No one is forcing you to throw fuel on the fire. You do not have to partake in exacerbating the housing problem. You do not have to make money by making it harder for first time home buyers on an average wage, to own a home. You (presumably) have the power of free will to choose what you will do with your money. 

“Yeah right,” is the usual response. “What else is going to give me such a great return with such low risk? The share market? New Zealand doesn’t have enough high growth global companies to make it worthwhile.” Hmm, I wonder if there’s a relationship between our addiction to property investment, the current property bubble, and our underdeveloped share market?

Now let me clarify, I’m not having a go at landlords here. Just the ones who are leveraging the capital gains they are enjoying off the backs of the speculators to amass outrageous portfolios at a time when we do not have enough houses to go around.

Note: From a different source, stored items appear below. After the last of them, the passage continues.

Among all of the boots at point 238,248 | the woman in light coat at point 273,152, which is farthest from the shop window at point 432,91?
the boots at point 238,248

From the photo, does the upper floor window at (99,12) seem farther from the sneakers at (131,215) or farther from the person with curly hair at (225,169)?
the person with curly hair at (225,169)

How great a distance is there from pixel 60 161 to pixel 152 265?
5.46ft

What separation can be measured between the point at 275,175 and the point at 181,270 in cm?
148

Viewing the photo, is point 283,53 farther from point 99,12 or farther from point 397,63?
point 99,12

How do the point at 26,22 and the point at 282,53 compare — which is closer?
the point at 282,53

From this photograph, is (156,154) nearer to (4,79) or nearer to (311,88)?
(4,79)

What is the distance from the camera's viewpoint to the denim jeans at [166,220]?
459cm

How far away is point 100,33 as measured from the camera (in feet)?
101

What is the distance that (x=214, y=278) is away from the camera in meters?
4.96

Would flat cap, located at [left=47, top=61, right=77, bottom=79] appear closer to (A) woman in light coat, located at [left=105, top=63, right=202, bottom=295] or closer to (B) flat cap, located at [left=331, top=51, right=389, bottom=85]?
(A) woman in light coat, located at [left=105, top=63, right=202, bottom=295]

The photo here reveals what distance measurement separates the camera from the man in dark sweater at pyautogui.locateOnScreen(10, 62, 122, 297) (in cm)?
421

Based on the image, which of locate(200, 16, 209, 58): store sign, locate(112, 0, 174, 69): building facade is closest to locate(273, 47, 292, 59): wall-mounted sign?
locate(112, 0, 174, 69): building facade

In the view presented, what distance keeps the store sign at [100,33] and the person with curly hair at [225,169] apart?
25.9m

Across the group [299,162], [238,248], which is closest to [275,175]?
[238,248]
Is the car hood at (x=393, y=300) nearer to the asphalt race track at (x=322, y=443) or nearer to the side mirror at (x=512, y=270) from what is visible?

Their usual story is, “Us landlords are providing a valuable service. We provide homes for those who can’t afford to buy their own.”

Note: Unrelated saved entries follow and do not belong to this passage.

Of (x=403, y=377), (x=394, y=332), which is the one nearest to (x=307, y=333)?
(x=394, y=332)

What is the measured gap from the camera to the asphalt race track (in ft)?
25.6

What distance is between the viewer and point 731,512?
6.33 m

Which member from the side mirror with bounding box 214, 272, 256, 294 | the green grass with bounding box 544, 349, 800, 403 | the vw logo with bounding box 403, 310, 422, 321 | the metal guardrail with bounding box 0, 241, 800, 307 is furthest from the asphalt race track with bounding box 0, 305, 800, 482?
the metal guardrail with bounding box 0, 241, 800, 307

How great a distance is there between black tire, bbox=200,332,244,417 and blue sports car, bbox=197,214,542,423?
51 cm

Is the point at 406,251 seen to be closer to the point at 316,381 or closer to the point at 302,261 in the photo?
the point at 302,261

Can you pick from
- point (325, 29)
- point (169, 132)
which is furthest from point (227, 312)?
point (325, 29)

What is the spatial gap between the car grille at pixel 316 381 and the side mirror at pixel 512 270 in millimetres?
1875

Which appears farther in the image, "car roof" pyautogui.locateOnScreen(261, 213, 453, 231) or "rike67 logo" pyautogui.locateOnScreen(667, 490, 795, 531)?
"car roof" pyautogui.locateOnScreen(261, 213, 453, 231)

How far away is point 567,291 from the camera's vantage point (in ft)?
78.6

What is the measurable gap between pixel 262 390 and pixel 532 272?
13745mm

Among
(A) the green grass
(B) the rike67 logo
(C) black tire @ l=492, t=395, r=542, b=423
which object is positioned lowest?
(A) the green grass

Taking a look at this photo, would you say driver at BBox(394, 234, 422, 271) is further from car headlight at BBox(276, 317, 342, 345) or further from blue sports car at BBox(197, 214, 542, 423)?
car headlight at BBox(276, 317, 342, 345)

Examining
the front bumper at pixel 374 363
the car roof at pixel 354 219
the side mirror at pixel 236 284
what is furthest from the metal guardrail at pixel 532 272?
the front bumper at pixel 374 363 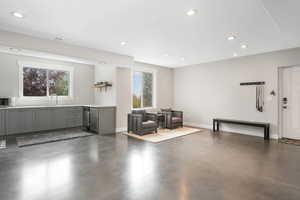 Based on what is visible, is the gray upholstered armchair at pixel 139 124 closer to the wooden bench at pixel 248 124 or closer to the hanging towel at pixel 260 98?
the wooden bench at pixel 248 124

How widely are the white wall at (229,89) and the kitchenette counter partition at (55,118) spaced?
364cm

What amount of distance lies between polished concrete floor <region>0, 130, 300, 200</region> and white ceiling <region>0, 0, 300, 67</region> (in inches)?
103

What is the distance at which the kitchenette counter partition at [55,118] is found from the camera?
5.07 metres

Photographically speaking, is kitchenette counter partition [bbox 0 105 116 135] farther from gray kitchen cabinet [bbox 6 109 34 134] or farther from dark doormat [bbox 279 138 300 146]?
dark doormat [bbox 279 138 300 146]

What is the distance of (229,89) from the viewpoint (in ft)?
20.7

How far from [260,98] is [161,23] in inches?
174

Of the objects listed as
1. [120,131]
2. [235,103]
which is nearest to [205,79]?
[235,103]

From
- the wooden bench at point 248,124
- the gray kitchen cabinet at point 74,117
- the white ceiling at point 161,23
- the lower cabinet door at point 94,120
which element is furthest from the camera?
the gray kitchen cabinet at point 74,117

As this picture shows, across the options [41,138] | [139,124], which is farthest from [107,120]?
[41,138]

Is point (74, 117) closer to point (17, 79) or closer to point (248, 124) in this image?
point (17, 79)

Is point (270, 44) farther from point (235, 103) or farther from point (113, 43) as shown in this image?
point (113, 43)

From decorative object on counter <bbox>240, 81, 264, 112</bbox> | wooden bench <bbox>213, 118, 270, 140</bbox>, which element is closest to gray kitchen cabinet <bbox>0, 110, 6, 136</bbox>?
wooden bench <bbox>213, 118, 270, 140</bbox>

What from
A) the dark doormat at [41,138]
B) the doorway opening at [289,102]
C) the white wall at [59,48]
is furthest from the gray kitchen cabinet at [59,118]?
the doorway opening at [289,102]

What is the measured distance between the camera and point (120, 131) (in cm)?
614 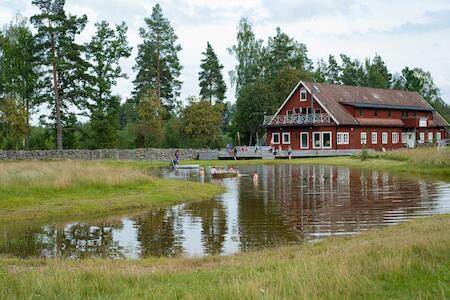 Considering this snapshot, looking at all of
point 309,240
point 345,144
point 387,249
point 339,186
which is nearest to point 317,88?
point 345,144

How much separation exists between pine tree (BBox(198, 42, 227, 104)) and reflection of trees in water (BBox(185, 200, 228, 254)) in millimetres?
64560

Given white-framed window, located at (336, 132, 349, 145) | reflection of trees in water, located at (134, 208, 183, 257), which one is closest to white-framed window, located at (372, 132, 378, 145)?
white-framed window, located at (336, 132, 349, 145)

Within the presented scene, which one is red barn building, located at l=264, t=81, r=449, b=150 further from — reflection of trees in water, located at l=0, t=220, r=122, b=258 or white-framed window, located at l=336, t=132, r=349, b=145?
reflection of trees in water, located at l=0, t=220, r=122, b=258

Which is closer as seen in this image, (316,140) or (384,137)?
(316,140)

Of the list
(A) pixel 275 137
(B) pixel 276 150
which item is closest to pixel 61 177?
(B) pixel 276 150

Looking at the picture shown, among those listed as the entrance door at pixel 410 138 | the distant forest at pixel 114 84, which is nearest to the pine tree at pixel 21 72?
the distant forest at pixel 114 84

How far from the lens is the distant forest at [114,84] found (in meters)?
Result: 54.2

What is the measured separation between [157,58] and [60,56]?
22658 millimetres

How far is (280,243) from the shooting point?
49.1 ft

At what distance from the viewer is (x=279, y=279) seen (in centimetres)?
810

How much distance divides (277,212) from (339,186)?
10.6 meters

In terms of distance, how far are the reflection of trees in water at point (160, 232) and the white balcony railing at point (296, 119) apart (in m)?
46.5

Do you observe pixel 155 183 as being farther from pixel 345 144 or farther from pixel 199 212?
pixel 345 144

Look, landlords… absolutely… Your rental income is a just reward for letting others do what homes are meant for ie live in them. No doubt your yields have been sorely eroded by the rampant house price inflation (and will need to be rectified by increasing rents). And goodness knows the new investor LVR’s and capital gains taxes must be hurting you.

But you do not have to own 20 or 50 or 100 houses. Are you seriously saying you have no other option? Do you seriously deny that your assembling of mass property portfolios is making it harder for average Kiwi’s to get into a home? The enormous self perpetuating capital gains you’re driving are just a bonus right? How do you sleep at night? More comfortably than the growing number of families shacking up in garages, cars and campgrounds no doubt.

But coming back to my original point (the one about speculators being PARASITES, not entrepreneurs), before I get anyone wanting to argue semantics, let me back up my assertions with some sort of logical rationale.

Firstly, an entrepreneur is generally defined as someone who risks capital, in the pursuit of making a profit.

Speculators on the other hand generally only emerge when the price of an asset is assured to rise, that is, when they are satisfied that there is no risk. They rely on knowing that there will always be someone prepared to buy at a higher price, and they like to reassure each other and anyone else watching that, “This market is only going up, prices will never drop. Get in now because you just can’t lose in this market!” Why? Because they know they’re not adding any value to substantiate their profits.

Secondly, without getting all soppy, real entrepreneurs know that making a profit, without also making the world a better place, is no longer good enough. Again, real entrepreneurs add value, not distort it and suck the life out of it.

One day the music will stop. When it does I hope it’s the speculators and the financiers and agents that enable them, left holding the “baby”. The unfortunate thing is that it will also be young first home buying couples who have poured in their life savings, secured by the equity in their aging parents house, who will bear the brunt of the fallout.

So New Zealand property speculators… well done. Fill your boots, it’s a free market after all. Well done on exercising your right to profit without creating value. Just don’t let those profits fool you into thinking you’re the type of “entrepreneur” this country really needs.


Richard Liew is the founder and Editor of NZ Entrepreneur magazine.